The vesting date fair value of RSUs that vested during the nine months ended October 31, 2021 and 2020 was $1,309.2 million and none, respectively.
Prior to the IPO, the Company granted RSUs that vested on the satisfaction of both a service-based condition and a performance-based condition. The performance-based vesting condition was deemed satisfied on April 23, 2021, the date that the Company completed the IPO. Upon closing of the IPO, the Company recognized $233.0 million of cumulative stock-based compensation expense for the portion of these RSUs for which the service-based vesting condition had been fully or partially satisfied.
During the nine months ended October 31, 2021, our compensation committee approved modifications to allow accelerated vesting of approximately 0.2 million RSUs, resulting in the recognition of $10.9 million of incremental expense. In addition, during the nine months ended October 31, 2021, our compensation committee approved adjustments to the vesting schedules of our unvested RSUs which standardize their future vesting schedules by shifting each vesting date to the first day of the calendar quarter in which that vesting date was originally scheduled to occur. These adjustments caused a slight reduction in service periods for the affected tranches and resulted in $2.2 million of expense acceleration for the nine months ended October 31, 2021.

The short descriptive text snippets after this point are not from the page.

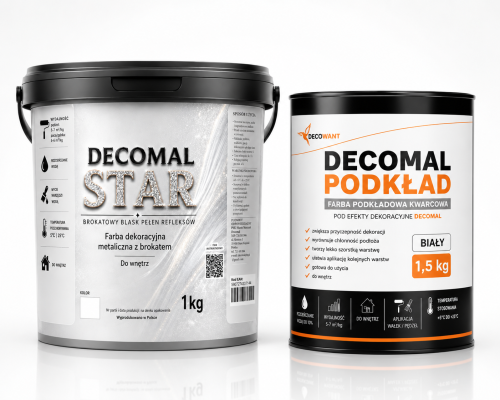 ZESTAW FARBY DEKORACYJNEJ Z BROKATEM DECOMAL STAR BIAŁA GWIAZDA 5-7M2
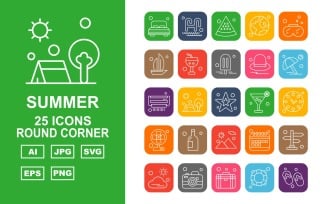 25 Premium Summer II Round Corner Pack Icon Set
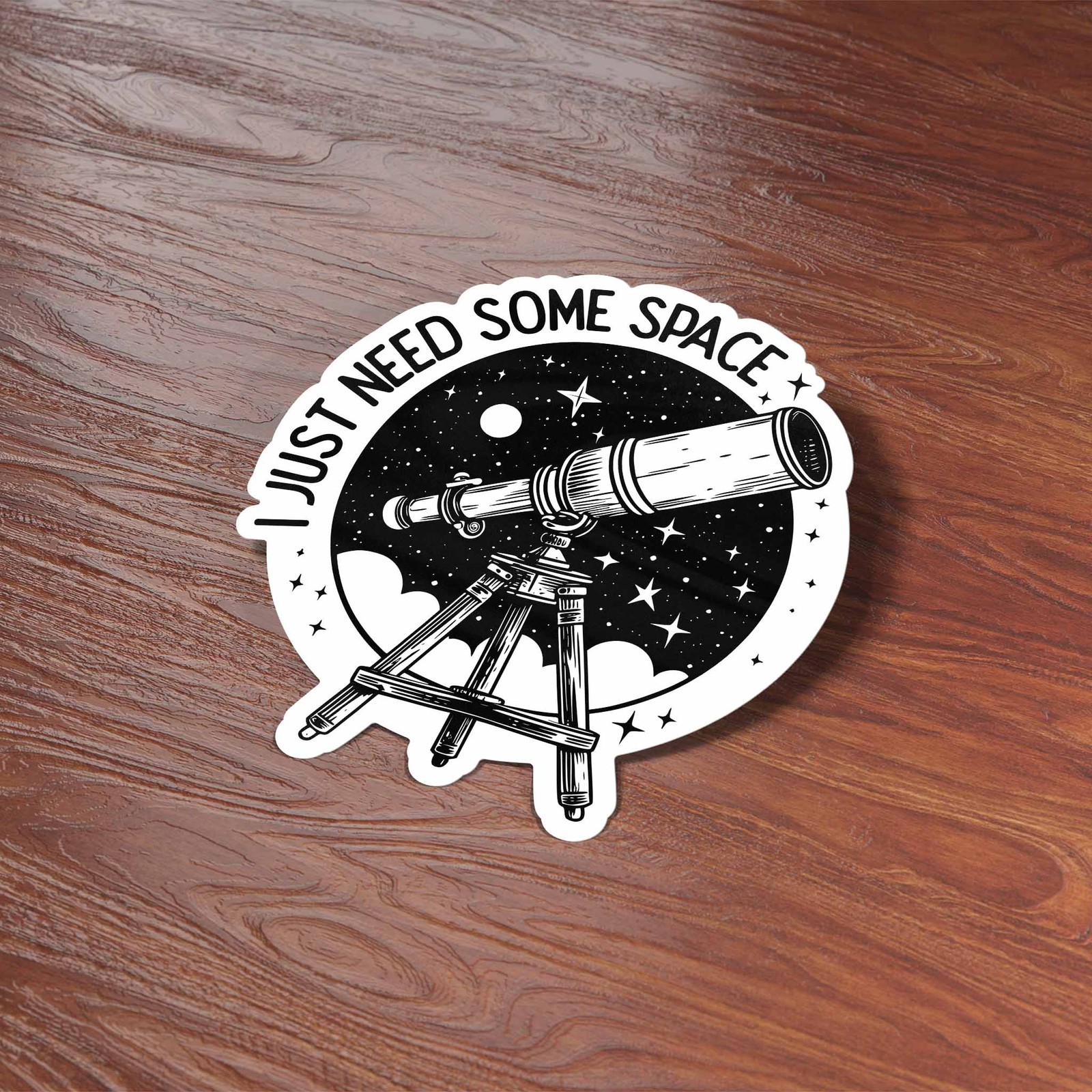 I Just Need Some Space Telescope Sticker – Cute Outdoors Decal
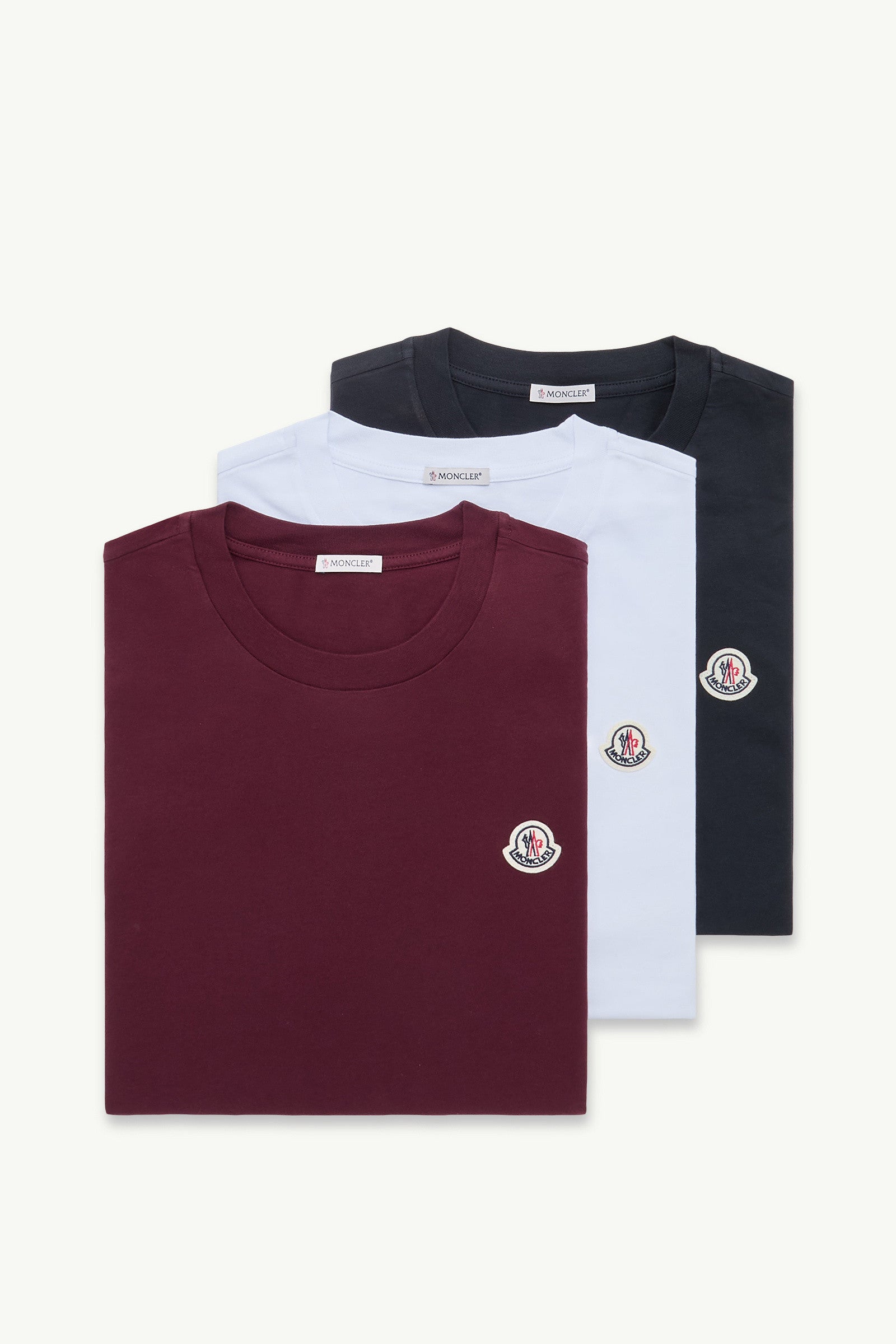 Moncler Logo Patch Cotton T-Shirt (Pack Of Three) White & Navy Blue & Burgundy White & Navy Blue & Burgundy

As of October 31, 2021, total unrecognized compensation expense related to unvested RSUs was approximately $447.7 million, which is to be recognized over a weighted-average remaining period of 2.8 years.
Restricted Stock Awards
In September 2020, we issued approximately 0.1 million RSAs to a member of our board of directors at a grant date fair value of $33.22 per share, totaling $4.0 million. Such RSAs vest monthly over four years from the grant date. The unvested shares are subject to a repurchase right held by us at the original purchase price. As of October 31, 2021, total unrecognized compensation expense related to unvested RSAs was $2.9 million and will be recognized over the remaining vesting period of 2.9 years.
Tax Withholdings on Employee Equity Transactions
For the majority of our tax jurisdictions, we have adopted sell-to-cover as the tax withholding method for equity awards upon settlement, pursuant to which shares with a market value equivalent to the tax withholding obligations are sold on behalf of the holder of the awards to cover the tax withholding liability, and the cash proceeds from such sales are remitted by the Company to taxing authorities. For certain other tax jurisdictions where selling restrictions exist, the Company may issue net shares and remit tax liabilities to the relevant tax authorities on behalf of the award holders, or may accept employee payment of tax withholdings in cash.
Stock-based Compensation Expense
We classified stock-based compensation expense in the condensed consolidated statements of operations as follows (in thousands):
Three Months Ended October 31, Nine Months Ended October 31,
2021 2020 2021 2020
Cost of revenue $ 6,350  $ 665  $ 37,056  $ 1,688 
Sales and marketing 41,823  5,116  202,122  10,744 
Research and development 24,866  3,169  114,460  7,796 
General and administrative 22,064  39,814  84,913  45,566 
Total $ 95,103  $ 48,764  $ 438,551  $ 65,794 
The expense presented in the above table is net of capitalized stock-based compensation relating to software development costs of $2.2 million and $4.5 million for the three and nine months ended October 31, 2021, respectively. There was no capitalized stock-based compensation relating to software development costs for the three and nine months ended October 31, 2020.